**Problem to work on:** Please give the entries below again exactly, omitting every picture.

-- Opening Marker --

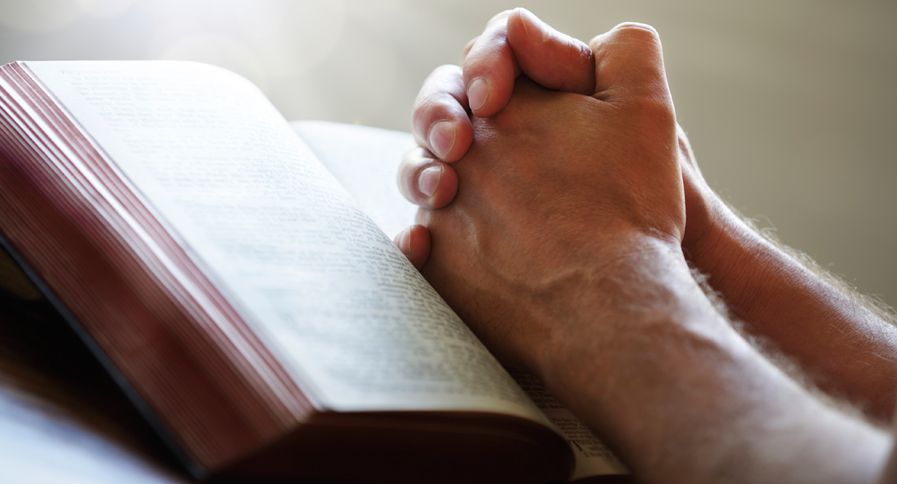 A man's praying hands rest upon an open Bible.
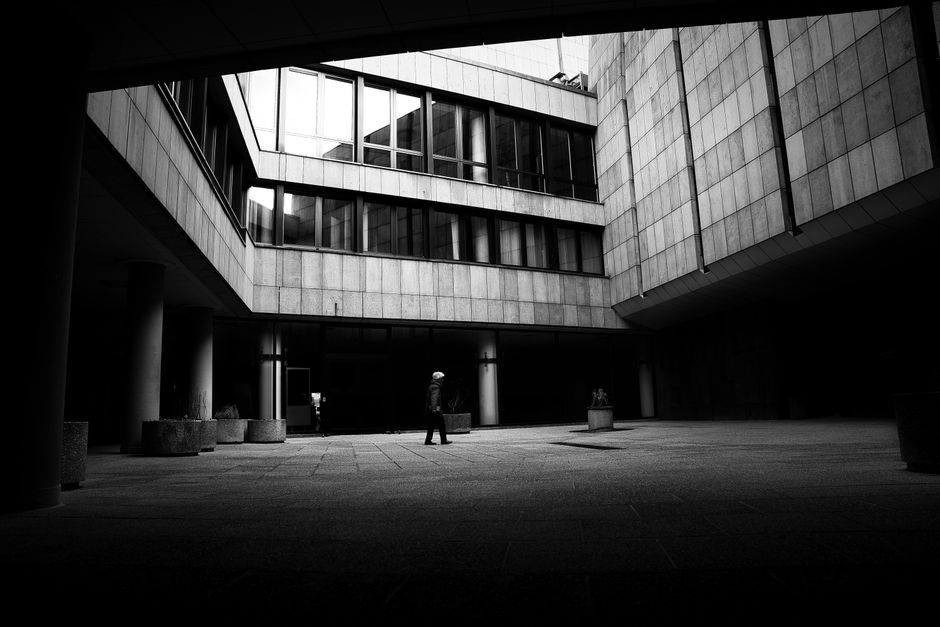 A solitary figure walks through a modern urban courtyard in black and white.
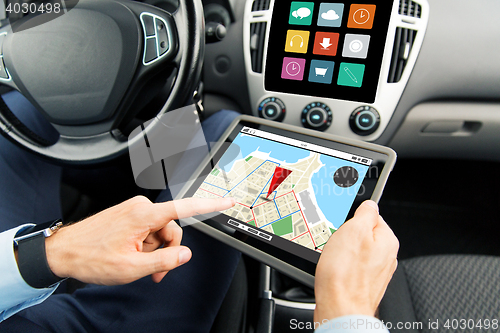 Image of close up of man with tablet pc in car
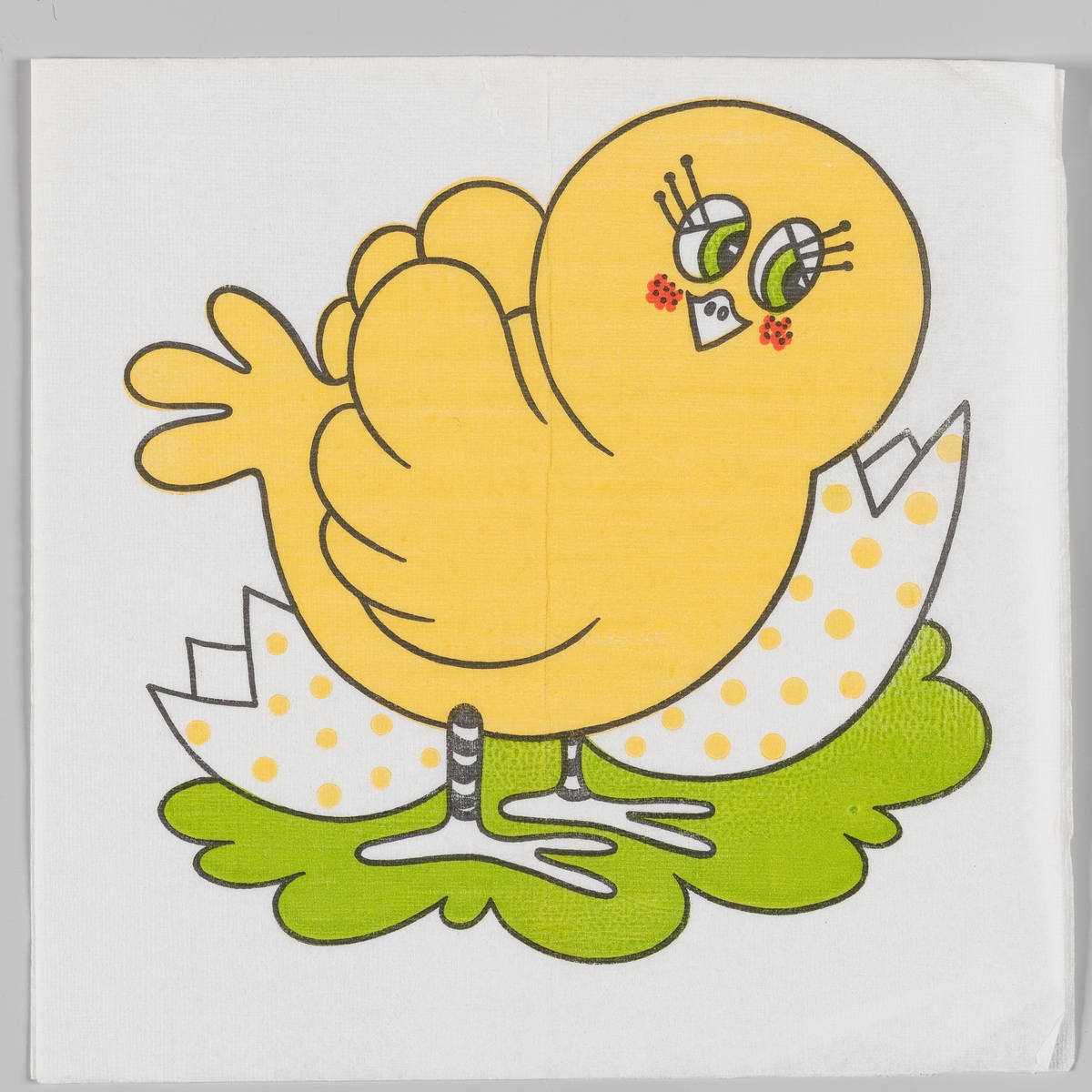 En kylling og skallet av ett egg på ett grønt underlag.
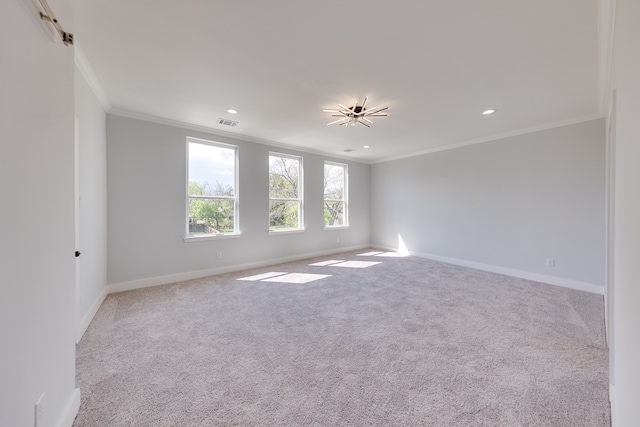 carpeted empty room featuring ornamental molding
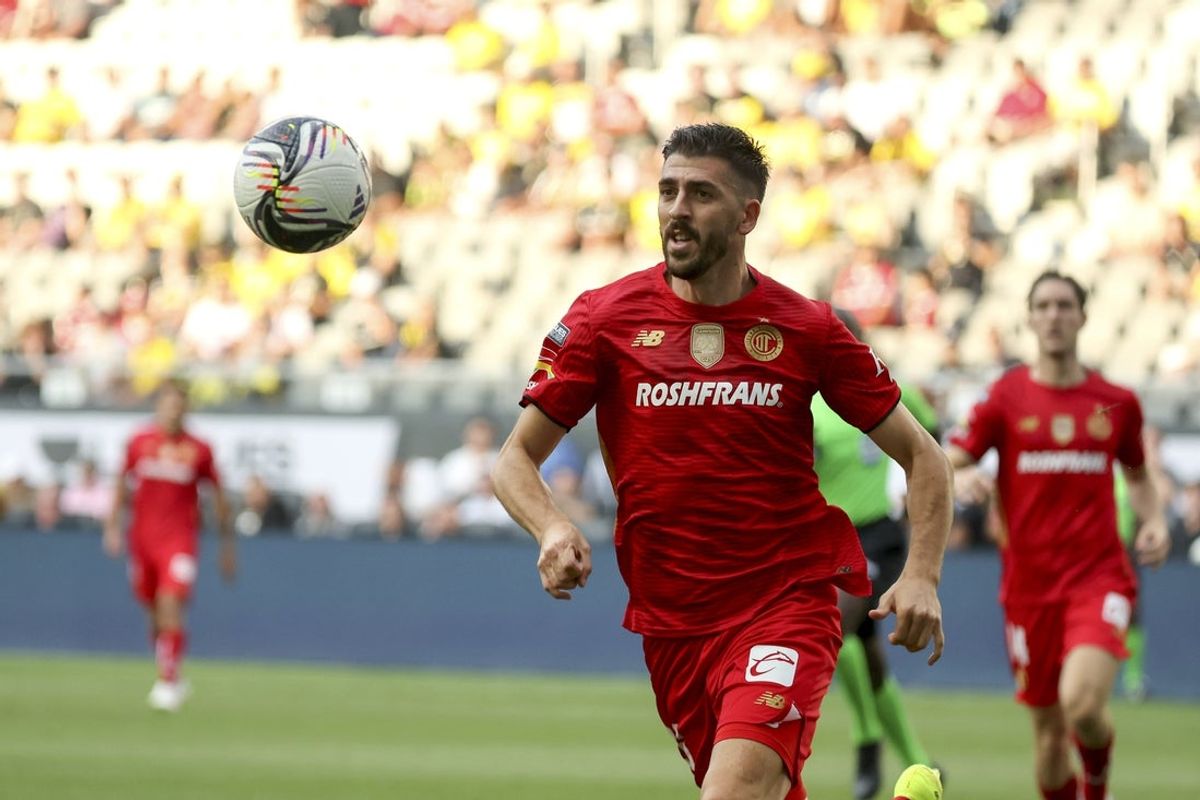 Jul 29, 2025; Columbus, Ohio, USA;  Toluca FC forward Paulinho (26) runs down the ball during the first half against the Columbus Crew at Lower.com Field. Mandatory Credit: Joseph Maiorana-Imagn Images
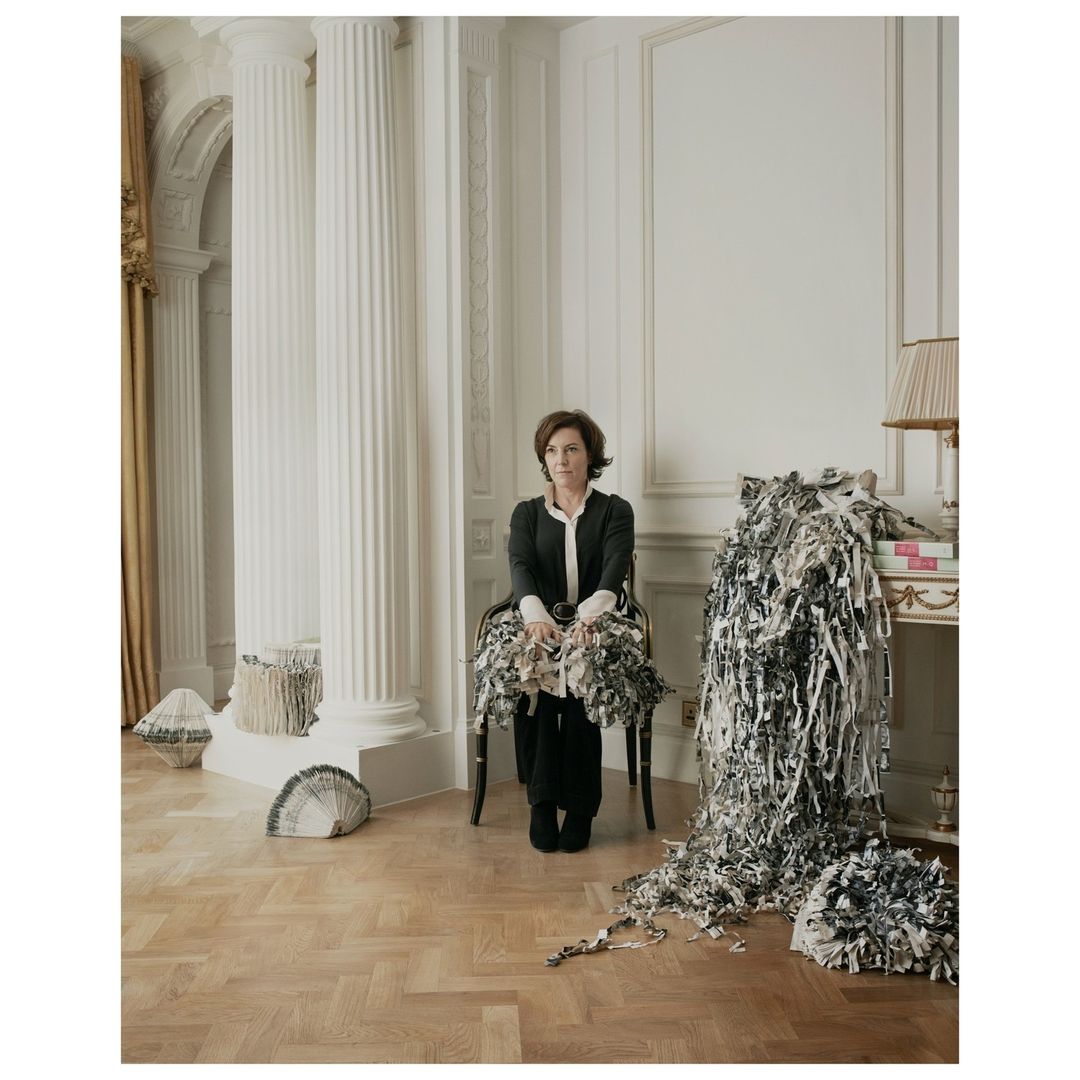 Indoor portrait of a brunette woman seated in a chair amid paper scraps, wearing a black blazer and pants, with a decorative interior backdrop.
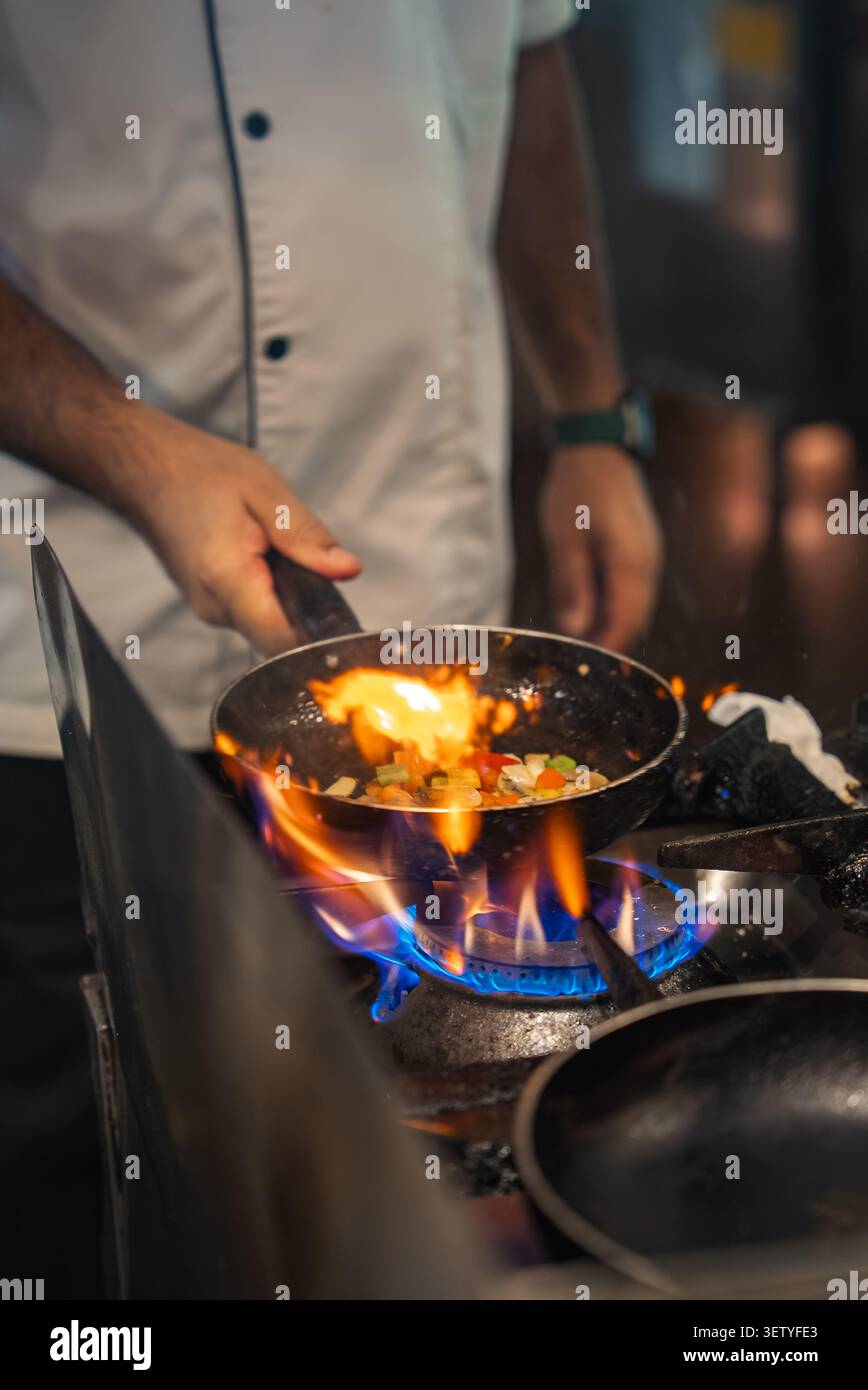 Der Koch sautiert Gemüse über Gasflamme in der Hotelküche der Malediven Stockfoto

-- Closing Marker --

**Reply to the task:**
 A man's praying hands rest upon an open Bible.
 A solitary figure walks through a modern urban courtyard in black and white.
 Image of close up of man with tablet pc in car
 En kylling og skallet av ett egg på ett grønt underlag.
 carpeted empty room featuring ornamental molding
 Jul 29, 2025; Columbus, Ohio, USA;  Toluca FC forward Paulinho (26) runs down the ball during the first half against the Columbus Crew at Lower.com Field. Mandatory Credit: Joseph Maiorana-Imagn Images
 Indoor portrait of a brunette woman seated in a chair amid paper scraps, wearing a black blazer and pants, with a decorative interior backdrop.
 Der Koch sautiert Gemüse über Gasflamme in der Hotelküche der Malediven Stockfoto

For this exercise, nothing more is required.